Nuestro público, como muchos otros, de parecida mentalidad e idiosincrasia, no escapa al vilipendio íntimo de los actores y actrices que no lograron su favor, ni trocaron su coquetería esquiva en solicitud o su estiramiento en ridícula alegría. El actor cómico, por serlo o creerlo, se resiste airadamente sí el público no festeja las sandeces que el autor pergeñó con el apresuramiento de quien se sabe acreedor a piadosas tolerancias, e increpado doblemente, si su cosecha de morcillas resulta para el espectador tan anodina e insulsa como la anterior. Sí la complicidad de autor e intérprete, urde tamaños infundios, a qué pretender que un tercero que paga, remate exaltadamente con sus aplausos lo que es injuriante como expresión de teatro y vejatorio como regalo al espectador? Este fenómeno de inconsecuencia en elencos visitantes va dejando de serlo para convertirse en cosa ordinaria.
Convengamos en la sabiduría del público cordobés, de su fina sensibilidad. No lo acusemos de no saber reír, ni amaguemos su fibra sentimental, si se muestra helada y recatada, ante la truculencia del drama sin la mínima parcela de humanidad y de emotividad.

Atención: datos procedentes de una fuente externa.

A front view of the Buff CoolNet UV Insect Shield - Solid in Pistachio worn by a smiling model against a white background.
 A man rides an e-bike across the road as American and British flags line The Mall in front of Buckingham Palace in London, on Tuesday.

En el teatro nadie mide, limita o retacea sus sentimientos, pero en verdad, en la mayoría de los casos, el espectador no halla cómo desbordarlos, porque no se espejan en el tablado con la pureza que se reclaman, ni la creación escénica tiene la nobleza comunicativa de conquistar el fervor de la sala. Reír o llorar son efectos en el teatro actual que han perdido potencialidad. El venero de la gracia parece agotado. El nervio y la garra dramática, son blandos, enclenques y terriblemente cursilones. Se necesita algo más para hacer reír y algo superior para no hurtar el pañuelo.